How do I get to Mana Pools, Zimbabwe?

Mana Pools is remote. On our holidays you tend to reach it by flying from Victoria Falls airport, or flying into Harare, then driving – or flying – the 350km north. Our safari holidays will combine Mana Pools with other parks – heading east towards Matusadona and Hwange. Whilst Mana Pools borders Lower Zambezi National Park in Zambia, there is a closed border between the two countries, meaning you cannot easily get from Zambia to Zimbabwe. Canoe trips will only camp on one side of the river.

Where will I stay in Mana Pools?

You might see signs up when you arrive in Mana Pools – No fruit allowed in the park. Elephants can smell fresh fruit from hundreds of metres away, and will raid tents to get it; offending elephants may have to be put down once they learn that humans can be a source of food.

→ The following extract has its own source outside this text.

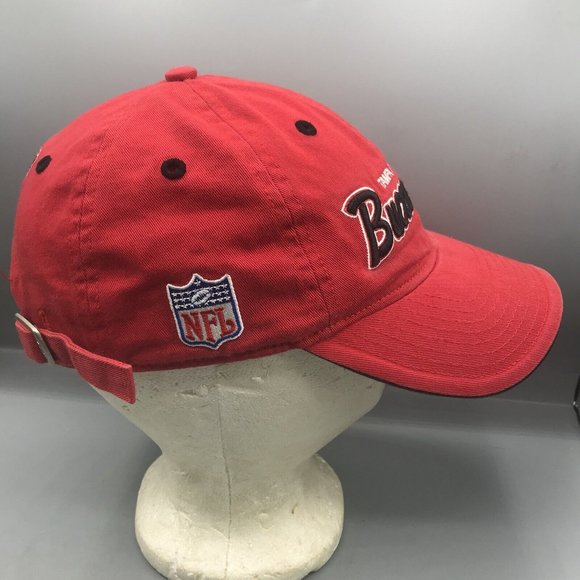 Tampa Bay Buccaneers Hat Baseball Cap Adjustable Strap Back Red Adult Reebok NFL - Picture 6 of 9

You can stay in camps that are solar powered, that save water, and are helping fund schools whose pupils live near the parks. What camps lack in terms of mod cons, they make up in scenery: “There may be no running water in the tents and limited solar-powered lighting,” said our traveller Christine Waddington, “but it is the most beautiful location that I have ever stayed in.”

Most safari camps are clustered around the river. You can choose more remote camps further south for an even quieter experience. Outside of dry season, when wildlife moves away from the river, you can have some good sightings in these quieter spots. The presence of tourists helps combat poaching, and income from tourism can help justify the park’s existence, and make its wildlife worth more alive than dead.

Best time to visit Mana Pools National Park

Visiting season tends to run from May to the end of October. The dry season peaks from August to November, and this is when wildlife viewing around water sources is best – the number of elephants around the water increases as it gets drier and drier. Water really is at a premium and there can be terrible droughts. By October – sometimes called ‘suicide month’ – it’s getting extremely hot. In the rainy season, which is particularly good for birding, the park remains open but is difficult to navigate; roads are mud-bound, and there are more biting insects. Some lodges close, roads close, and fly camps are removed each year for the rainy season in their entirety, letting the area around them recover.
Written by Eloise Barker
Photo credits: [Page banner: Steven dos Remedios] [Intro: Babakathy] [Ways to explore: pxhere] [Best time to visit Mana Pools National Park: Craig Chipperfield]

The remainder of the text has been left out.